A builder by profession, owning his own yard, Len also spends many years working as an Independent councillor for Weatherfield. Len's idea of a real woman is his next-door neighbour, Elsie Tanner (Patricia Phoenix): attractive, sexy, with a ribald sense of humour. However, she is more of a friend than a lover, and whenever Len suggests that their relationship should go to the next level, Elsie always refuses, not wanting to spoil the special bond they have. When Elsie remarries, to a handsome G.I., Master Sergeant Steve Tanner (Paul Maxwell), Len was beomces consumed with jealousy, to such an extent that when Steve is found dead under suspicious circumstances, Len is accused of murdering him.

Len had eventually reconciles himself to being on his own for the rest of his life, but he then meets Rita Bates (Barbara Knox), who earns her living as a cabaret singer in the rather downmarket Gatsby Club. Although she claims she was married to Harry Bates (William Simons), they are in fact only a common-law couple, and her name was actually Rita Littlewood. Rita has a lot in common with Elsie, also feisty, independent, and never afraid to stand up to Len, which is what he desires in a woman. Elsie is initially very cool towards Rita, but they become firm friends over time. After a rocky courtship, Len and Rita marry and honeymoon in Tenerife, where Rita secures herself a singing job.

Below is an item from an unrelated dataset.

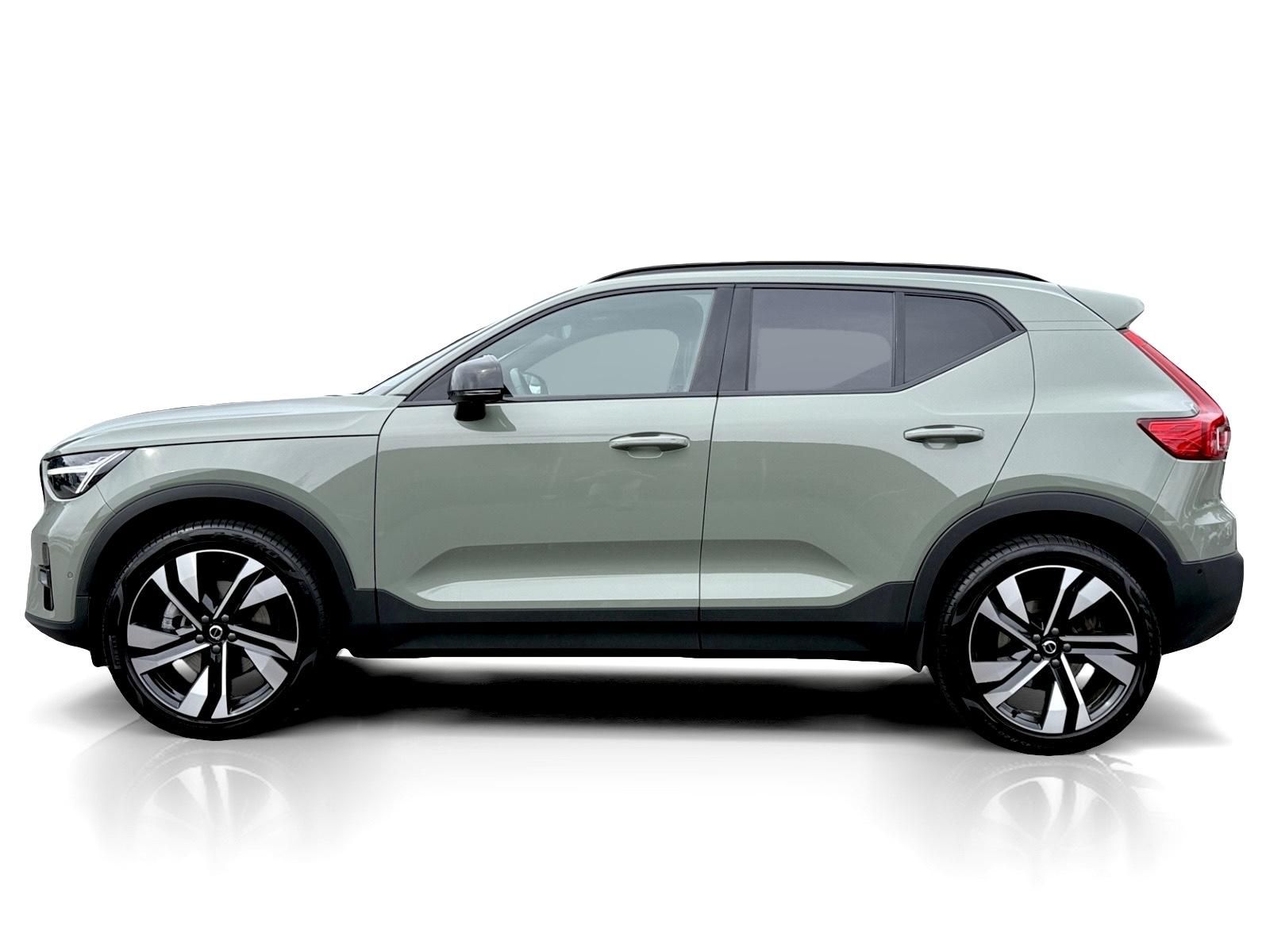 Volvo XC40, B4 FWD // ULTRA DARK - fotka 2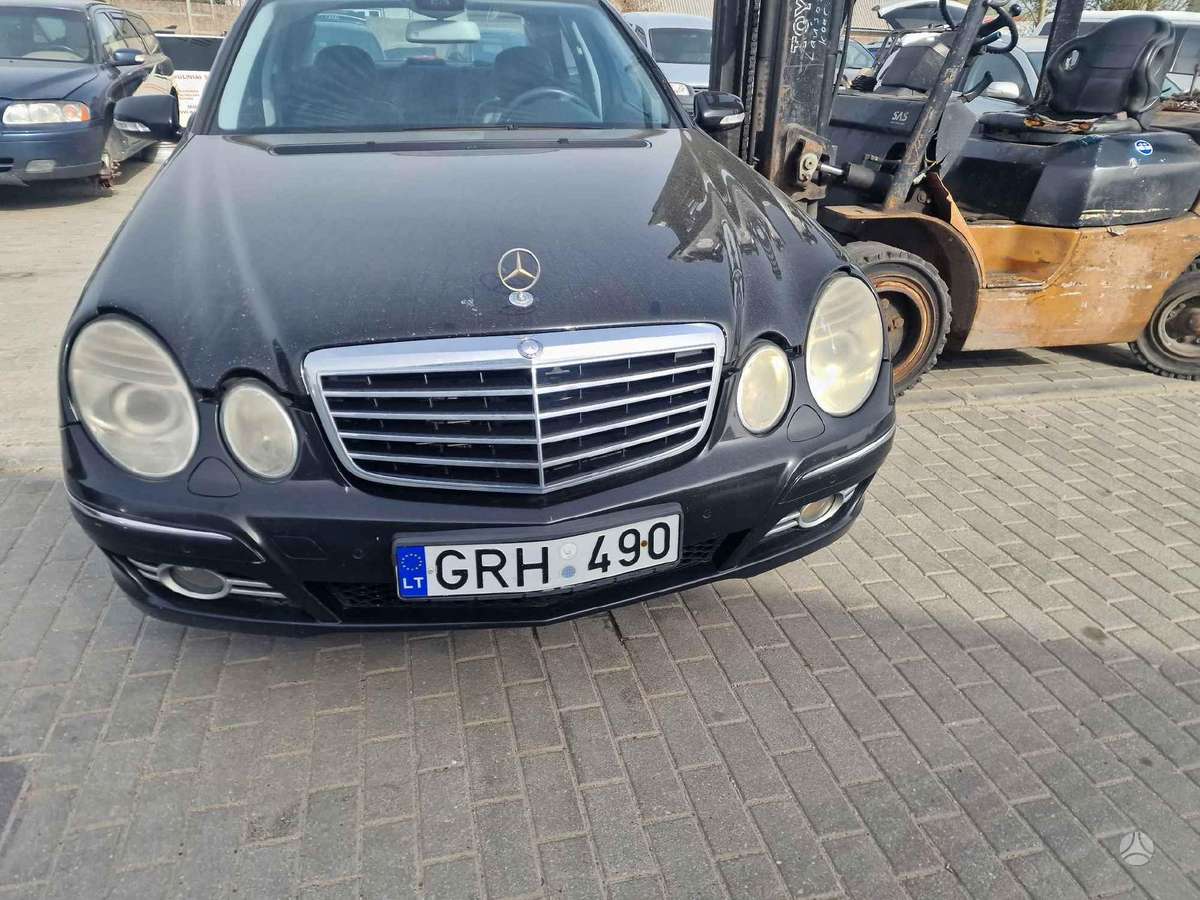 Mercedes-Benz E320 по частям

After a while, Rita starts to feel frustrated by Len and his lack of motivation. Feeling he is taking her for granted, Rita leaves him, breaking Len to pieces. Once she agrees to return, the couple attempt to adopt a child, but were told they were too old to do so. Instead, they foster, first a boy called John, then, on a more long-term basis, Sharon Gaskell (Tracie Bennett). Len is amused that Sharon prefers woodwork to needlework and that she likes playing football, which causes an instant bond between them, much to Rita's delight. Sharon becomes the Faircloughs' surrogate daughter, and Len is proud of her. When he comes home unexpectedly one night and finds a boy in the house trying to entice Sharon upstairs, Len threatened to hit him. Rita is angry, believing that Len had mishandled the situation, but he is able to say from the heart that he had only done it because he cared about Sharon. Eventually, Sharon moves away, after getting a job as a kennel maid in Sheffield.

Rita's world comes crashing down when Len falls asleep at the wheel of his van and collided with a motorway bridge, the impact instantly killing him. Rita, devastated, is comforted when Sharon comes back from Sheffield to attend the funeral. Rita later discovers, however, that Len had been having an affair with a woman in Bolton before his death. As a result, her memories of Len remain bittersweet. When Rita subsequently begins a relationship with Alan Bradley (Mark Eden), Alan steals evidence of Len's identity and pretends to be him in order to obtain a loan to support his own business. It was Rita's discovery of the deception that causes her violent final breakup with Alan.